Климат в школе стал невыносим, и не только для него, но и для учителей из эвакуации. Это были высокообразованные специалисты, в основном евреи, которых отправили не на фронт, а в глубокий тыл. Они впали в немилость у вышедших из под контроля бездельников, их заклеймили дезертирами. Эти интеллектуалы поспешно бежали, они не могли такое долго выдержать. Вначале школу покинул Полянский, затем Бовсиновский, за ними последовали Федин и Кастрон.
Письмо от сына Курта.
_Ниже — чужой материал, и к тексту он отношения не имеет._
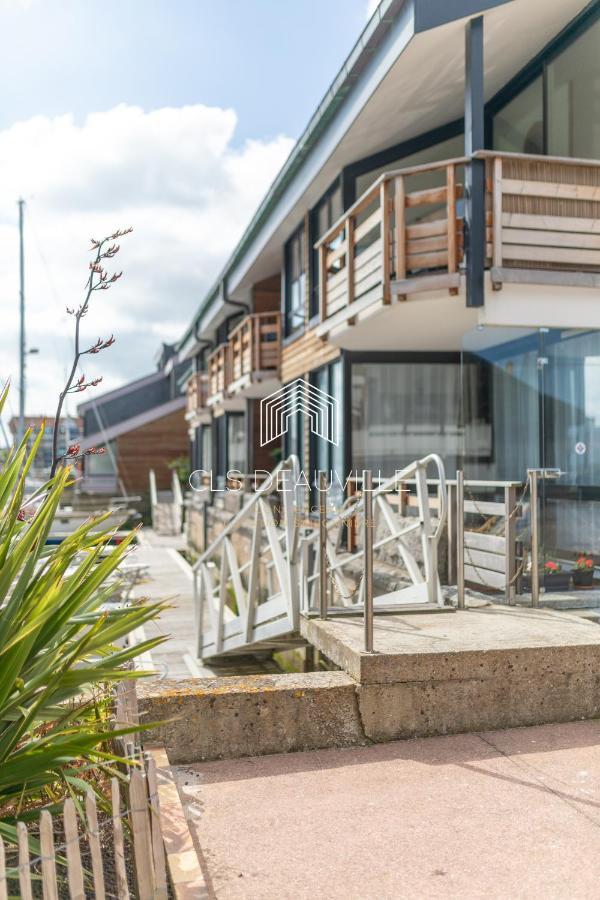 Le Ponton C.l.s * Deauville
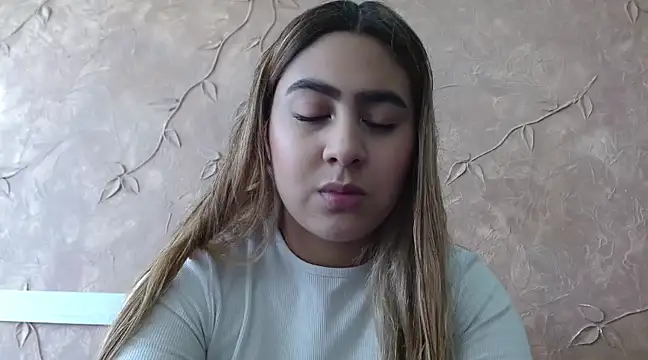 Miabonnett  online show from 21, 2, 2025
Написано 7 февраля, получено 10 марта 1942 г.:
…наверное, вы уже знаете, какая судьба меня постигла. 18 января пришло известие, что всех немецких мужчин с 18 до 50 лет призывают на службу в Красную Армию. 27-го мы уже все сидели по вагонам. Уже 10 дней, как мы в дороге. Едва ли вы сможете себе представить, какой запах стоит в холодном вагоне, где курит 51 человек… Но мы едем не на фронт, а на Север, в Кировские леса, в трудовой лагерь.
12 марта отца пригласили в кабинет директора, и он услышал: “Вы хороший человек, неплохо работаете, мы ценим Вас, как педагога, никто ничего не имеет против Вас, не принимайте близко к сердцу, это всё война, не думайте только, что мы в чём-то виноваты, всё это носит временный характер. Но теперь комиссариат железных дорог переподчинили комитету по обороне СССР и на железнодорожном транспорте запретили работать людям немецкой национальности. Я уже говорил насчёт Вас с руководителем НКВД, он ничего не имеет персонально против Вас, и предлагает перейти работать в казахскую среднюю школу”. Значит, уволен из-за того, что он немец. Привилегии железнодорожников, которые заманили его в 1938 г. в этот жалкий край, были теперь недоступны.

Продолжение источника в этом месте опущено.